Curso
Have this cheat sheet at your fingertips
Download PDFWhy use AI to write SQL?
SQL (“structured query language”) is the standard programming language for analyzing data in databases. Using AI to write SQL speeds up analyses, reduces errors, and lets analysts focus on insight rather than syntax.
Dataset
We’ll use data from the “A Song of Fire and Ice” book series, stored as the table asoiaf_books.
|
position_in_series |
title |
pages |
release_date |
era |
|
1 |
A Game of Thrones |
694 |
1996-08-06 |
1990s |
|
2 |
A Clash of Kings |
768 |
1998-11-16 |
1990s |
|
3 |
A Storm of Swords |
973 |
2000-08-08 |
2000s |
|
4 |
A Feast for Crows |
753 |
2005-10-17 |
2000s |
|
5 |
A Dance with Dragons |
1016 |
2011-07-12 |
2010s |
|
6 |
The Winds of Winter |
NULL |
NULL |
Unreleased |
|
7 |
A Dream of Spring |
NULL |
NULL |
Unreleased |
Principles of Good SQL Prompting
1. State the goal clearly
Clearly describe the question you want answered so the AI understands why the query is being written.
Bad:
Write a SQL query about the books.
Good:
Find the average number of pages for books that have been released.

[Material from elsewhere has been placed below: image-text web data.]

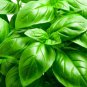 seeds basil 200 italian large leaf herb non-gmo heirloom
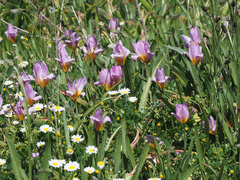 Tulipa saxatilis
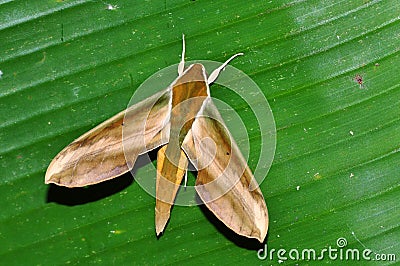 Hawkmoth on green leaf Stock Photo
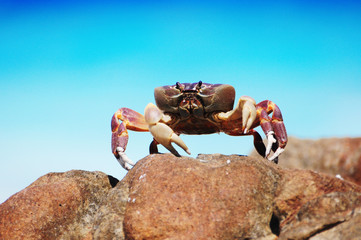 Red chicken crab on rock ,Tachai island, Similan island group, Phang nga, Thailand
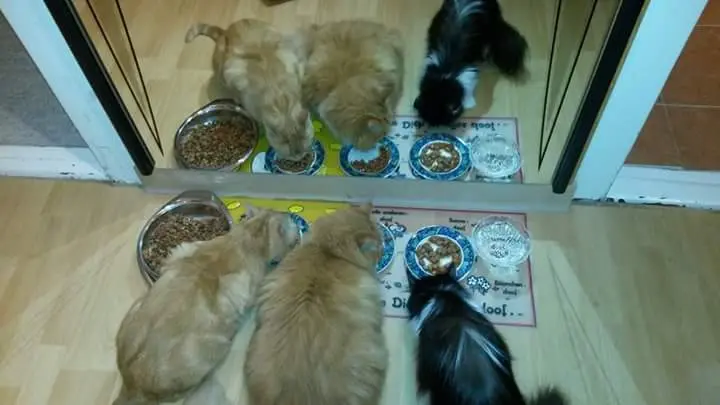 Andachtsbild von Yvonne mit Luzifer im Herzen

2. Provide database context
Tell the AI which table and columns to use so it doesn’t have to guess.
Bad:
Show me all the books sorted by release date.
Good:
Using the asoiaf_books table with columns title and release_date, return all book titles sorted by release date.
3. Specify the SQL dialect
Different databases have different syntax; some AI tools may require you to name the SQL dialect.
Bad:
Write SQL to get the longest book.
Good:
Write a PostgreSQL query to return the title and page count of the longest book in asoiaf_books.
4. Define assumptions explicitly
Make implicit rules explicit so the AI handles the data the way you expect.
Bad:
Count how many books have been released.
Good:
Count how many books have been released, treating books with NULL release_date as unreleased.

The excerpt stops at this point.